• ASSIGNED TASK:
When you reach the line containing "Dreame D9 Max" in the entries below, start writing out each line exactly, and stop after the line containing "redddaddi online show".

• INPUT RECORDS:

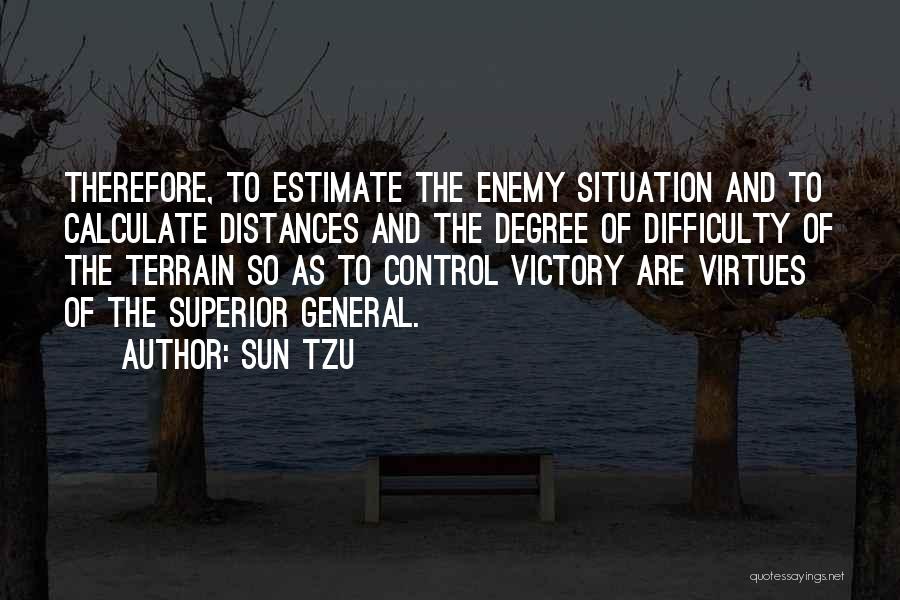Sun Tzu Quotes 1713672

---

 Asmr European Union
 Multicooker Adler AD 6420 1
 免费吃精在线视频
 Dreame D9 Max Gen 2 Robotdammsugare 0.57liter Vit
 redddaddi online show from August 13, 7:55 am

• ANSWER BOX:
 Dreame D9 Max Gen 2 Robotdammsugare 0.57liter Vit
 redddaddi online show from August 13, 7:55 am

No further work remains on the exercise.